Background: Cannabinoids act in the nervous system and the periphery through type 1 and 2 cannabinoid receptors (CNR1 and CNR2). These receptors play opposing roles in models of diabetic nephropathy with CNR1 antagonists and CNR2 agonists being protective. We sought to determine whether CNR1 directly promotes renal fibrosis using a selective, peripherally acting CNR1 antagonist (CNR1i).
Methods: Wistar rats underwent unilateral ureteric obstruction (UUO) surgery. Groups (n=10) were treated with 60mg/kg/BID CNR1i by oral gavage or vehicle from the time of surgery until being killed 7 days later.

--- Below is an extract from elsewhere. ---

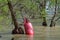 Red Buoy Floating in Flooded River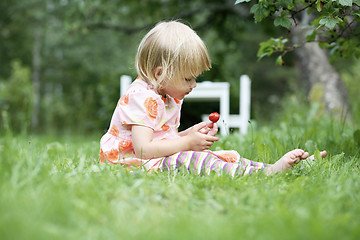 Image showing Girl holding a strawberry.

Results: Vehicle treated UUO kidneys displayed a marked increase in the area of interstitial collagen IV and a-SMA staining which was reduced by 37% and 27%, respectively, by CNR1i (both P<0.001). PCR analysis showed that CNR1i treatment reduced mRNA levels of pro-fibrotic molecules (Col I, Col IV, a-SMA, TGF-b1; all P<0.01 vs vehicle). This was associated with a reduction in CCL2 mRNA expression and macrophage infiltration. Western blotting found that CNR1i treatment significantly inhibited ERK and JNK activation in the UUO kidney, whereas Akt activation was unaffected.
Conclusions: Peripheral blockade of CNR1 significantly attenuated renal interstitial fibrosis in the obstructed kidney.